* _Dataset entries_

*** Begin section ***

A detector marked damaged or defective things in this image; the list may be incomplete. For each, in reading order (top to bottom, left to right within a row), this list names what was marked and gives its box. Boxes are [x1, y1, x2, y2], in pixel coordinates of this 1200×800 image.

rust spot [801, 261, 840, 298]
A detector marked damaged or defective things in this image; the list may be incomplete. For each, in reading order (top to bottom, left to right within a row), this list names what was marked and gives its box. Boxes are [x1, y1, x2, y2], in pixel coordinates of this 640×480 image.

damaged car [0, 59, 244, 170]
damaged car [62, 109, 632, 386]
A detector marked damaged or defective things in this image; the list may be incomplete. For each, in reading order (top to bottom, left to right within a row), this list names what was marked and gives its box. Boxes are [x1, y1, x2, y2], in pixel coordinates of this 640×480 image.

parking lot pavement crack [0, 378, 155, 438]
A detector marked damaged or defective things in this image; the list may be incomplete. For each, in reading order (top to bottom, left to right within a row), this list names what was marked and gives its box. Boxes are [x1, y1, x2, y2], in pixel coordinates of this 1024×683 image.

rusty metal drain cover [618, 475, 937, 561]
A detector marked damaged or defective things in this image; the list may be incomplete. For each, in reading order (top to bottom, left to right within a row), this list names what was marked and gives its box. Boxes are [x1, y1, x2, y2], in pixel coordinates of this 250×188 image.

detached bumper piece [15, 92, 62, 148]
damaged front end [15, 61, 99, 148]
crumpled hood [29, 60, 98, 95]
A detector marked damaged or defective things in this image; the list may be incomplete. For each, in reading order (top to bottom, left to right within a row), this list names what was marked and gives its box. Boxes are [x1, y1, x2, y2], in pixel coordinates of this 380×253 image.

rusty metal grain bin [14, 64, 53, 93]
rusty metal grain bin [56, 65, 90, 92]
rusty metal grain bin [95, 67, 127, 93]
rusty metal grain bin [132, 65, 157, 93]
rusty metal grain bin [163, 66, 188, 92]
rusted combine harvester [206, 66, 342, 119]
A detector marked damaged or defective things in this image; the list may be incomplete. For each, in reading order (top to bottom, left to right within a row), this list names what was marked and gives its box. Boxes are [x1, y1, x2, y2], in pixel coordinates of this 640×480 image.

*** End section ***

The entries above must each be repeated exactly.

A detector marked damaged or defective things in this image; the list may be incomplete. For each, in reading order (top to bottom, left to right within a row), this list names what was marked and gives its box. Boxes are [x1, y1, x2, y2], in pixel coordinates of this 1200×800 image.

rust spot [801, 261, 840, 298]
A detector marked damaged or defective things in this image; the list may be incomplete. For each, in reading order (top to bottom, left to right within a row), this list names what was marked and gives its box. Boxes are [x1, y1, x2, y2], in pixel coordinates of this 640×480 image.

damaged car [0, 59, 244, 170]
damaged car [62, 109, 632, 386]
A detector marked damaged or defective things in this image; the list may be incomplete. For each, in reading order (top to bottom, left to right within a row), this list names what was marked and gives its box. Boxes are [x1, y1, x2, y2], in pixel coordinates of this 640×480 image.

parking lot pavement crack [0, 378, 155, 438]
A detector marked damaged or defective things in this image; the list may be incomplete. For each, in reading order (top to bottom, left to right within a row), this list names what was marked and gives its box. Boxes are [x1, y1, x2, y2], in pixel coordinates of this 1024×683 image.

rusty metal drain cover [618, 475, 937, 561]
A detector marked damaged or defective things in this image; the list may be incomplete. For each, in reading order (top to bottom, left to right within a row), this list names what was marked and gives its box. Boxes are [x1, y1, x2, y2], in pixel coordinates of this 250×188 image.

detached bumper piece [15, 92, 62, 148]
damaged front end [15, 61, 99, 148]
crumpled hood [29, 60, 98, 95]
A detector marked damaged or defective things in this image; the list may be incomplete. For each, in reading order (top to bottom, left to right within a row), this list names what was marked and gives its box. Boxes are [x1, y1, x2, y2], in pixel coordinates of this 380×253 image.

rusty metal grain bin [14, 64, 53, 93]
rusty metal grain bin [56, 65, 90, 92]
rusty metal grain bin [95, 67, 127, 93]
rusty metal grain bin [132, 65, 157, 93]
rusty metal grain bin [163, 66, 188, 92]
rusted combine harvester [206, 66, 342, 119]
A detector marked damaged or defective things in this image; the list may be incomplete. For each, in reading order (top to bottom, left to right within a row), this list names what was marked and gives its box. Boxes are [x1, y1, x2, y2], in pixel coordinates of this 640×480 image.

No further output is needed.